# WORK INSTRUCTION
Copy out the data below as written; omit any images.

== SOURCE DATA ==

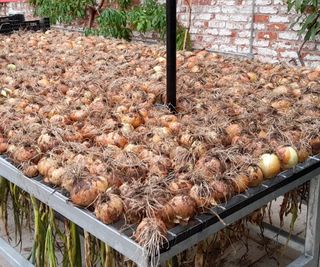 A harvest of onions drying in a glasshouse in the UK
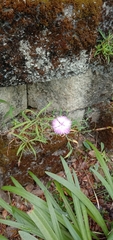 Dianthus palinensis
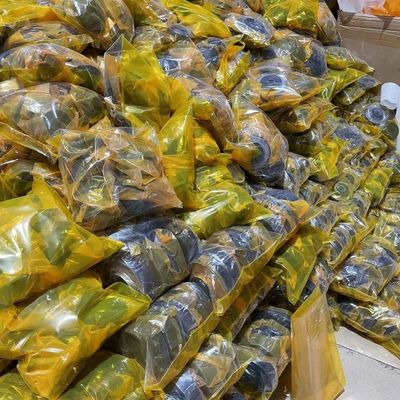 Purple Horn Bagger Gummi Motorlager SH120A3 Motorkissen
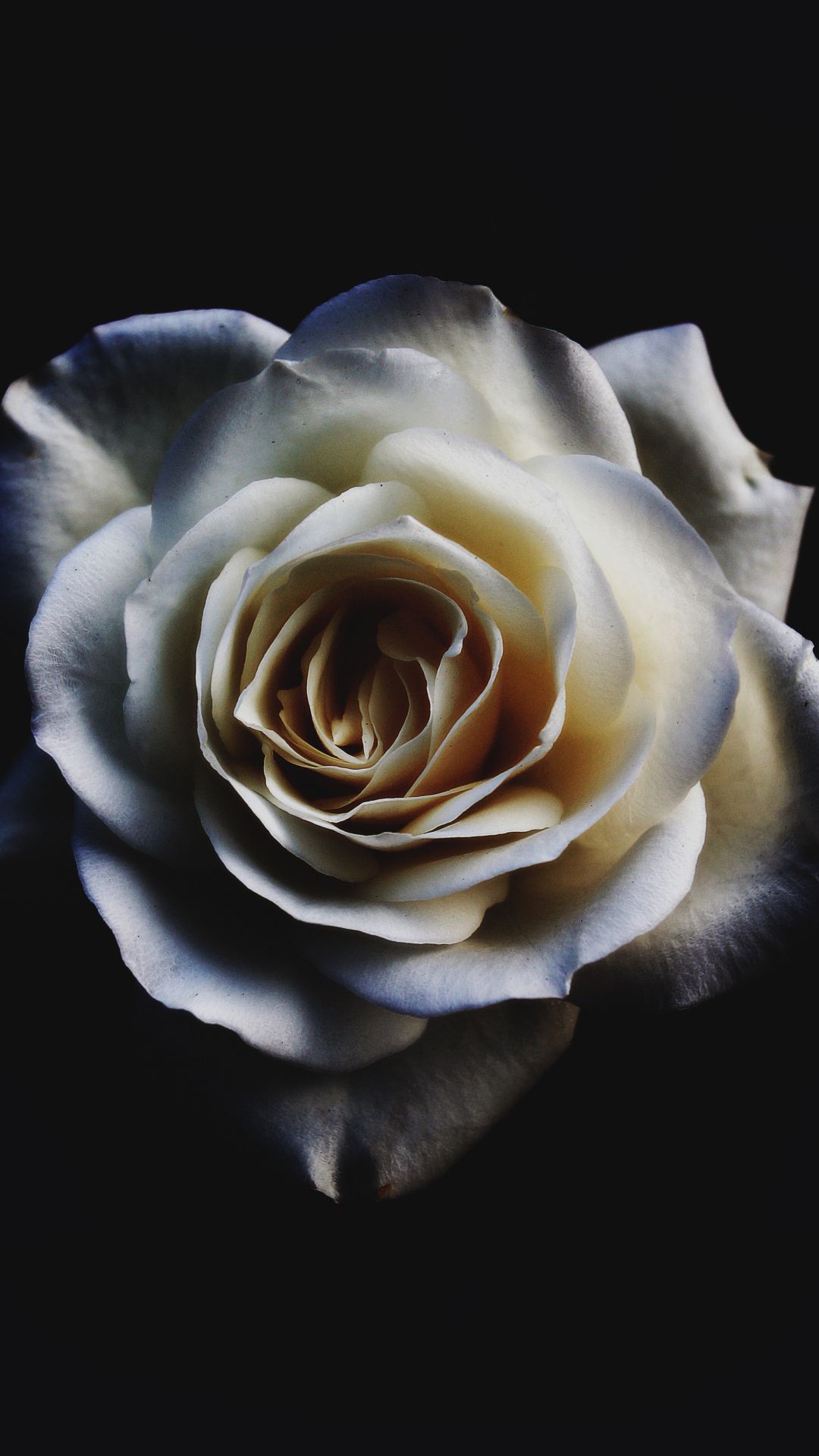 Rosa bianca su sfondo nero, 1080x1920 Verticale, iPhone Pro Max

===

# WRITTEN RESPONSE
 A harvest of onions drying in a glasshouse in the UK
 Dianthus palinensis
 Purple Horn Bagger Gummi Motorlager SH120A3 Motorkissen
 Rosa bianca su sfondo nero, 1080x1920 Verticale, iPhone Pro Max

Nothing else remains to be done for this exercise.